Pieces of Us (Confessions of the Heart, #3)(13)
My chest tightened. The bullshit the two of us had endured should have been insurmountable. I’d gone one direction. Ian had gone the other.
He’d paid for his crimes, and he’d come out better on the other side. The guy I’d always believed he could be. The one I wouldn’t second guess to call on for anything.
“Pretty sure she trusts you because she knows you can be trusted, Ian. You’re not gonna fuck it up,” I told him, sincerity bleeding free. “Not when you’re doing it with the right heart. Mistakes don’t mean we’re ruining something. It just means we’re learning. Getting better every day.”
He gazed down at his son. “Just want to do it right.”
We both looked up when his oldest son, Thomas, came shuffling into the kitchen.
Ian had adopted all three of Grace’s kids.
Thomas.
Mallory.
Sophie.
He was right.
He’d been given the greatest gift of all, not to mention that little bonus point of Collin who he cradled tenderly in his arms.
Thomas’s socked feet slid across the wood floor, all of his attention wrapped up in his iPad. He barely glanced up, totally absorbed in whatever was on the screen. “Hey, Dad,” he muttered.
When the kid said it, Ian lit up like a lightbulb.
Kind of had one light up in the middle of me, too.
“Did you see that interest rates are expected to go up? Wall Street Journal is reporting it. I think you and Uncle Jace should go for it if you’re thinking about getting something new and you plan on financing. It’s a good time to buy.”

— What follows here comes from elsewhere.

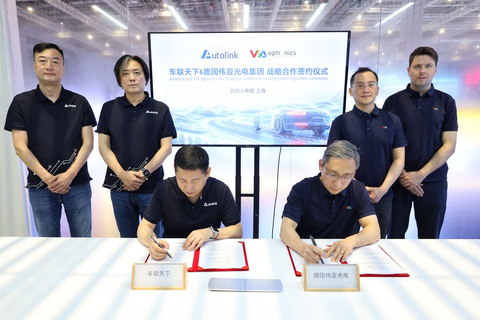 original Hongze Yang, Founder of Autolink and Howard How, Managing Director of VIA Suzhou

Ian and I shared a glance. The kid was too much. As brainy as they came, always reading all these advanced articles and journals that I wouldn’t have dreamed of reading at that age. Hell, I still didn’t get half the shit he was talking about.

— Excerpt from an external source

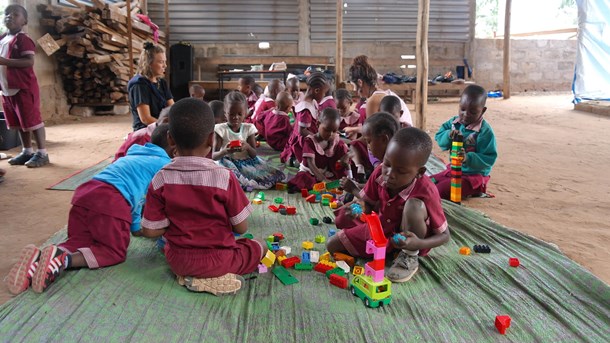 Skolebørn i Tanzania. Unge mødre i Tanzania må ikke komme tilbage i skolen, når de har fået børn, skriver Gwen Wisti.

“Oh, hey, Uncle Mack,” he said offhandedly, just then noticing that I was there.
I refrained from using the hay joke on him.
“What’s up, Thomas, my man? I see you’re keeping your dad in line.”
Way cooler, right?
Yeah. I was with Ian. Totally out of my element.
Because I was pretty sure the one I knew about two hookers and a fisherman would be way out of line.
Thomas shrugged a shoulder. “Trying.”
“Come here,” Ian coaxed him softly, and he looked over the kid’s shoulder, reading whatever report it was that Thomas had pulled up. “Whoa, good job finding that. I didn’t hear. Uncle Jace and I need you looking out for us like this.”
Ian dropped a tender kiss to the top of Thomas’ head, lingering a bit, like he didn’t want to let go.
Thomas tipped his head up backward, beaming at him, before he fumbled right back out.
Easy, but the interaction seemed wholly profound.
I met Ian’s eye. “Pretty sure you’re doing it right.” Was doing my best to try to keep my voice from going rough.
That unsettled, sticky feeling hitting me in waves.
“Looks to me like you and Jace might have yourselves a new partner.”
Ian watched as the door stopped its slow swing and fell completely still. “Kid blows my mind. Did we think about stuff like that when we were his age?” he asked as he angled his attention back to me.
A snort blew through my nose. “Hell, no. Pretty sure the only thing either of us were thinking about at that age was the next thing we might be able to swipe without someone noticing or what girl would be game to let us touch their tits.”
“If I was my kid, I’d kick my own ass.” He laughed out a subdued sound, wonder filling his tone. “It was different back then, yeah?”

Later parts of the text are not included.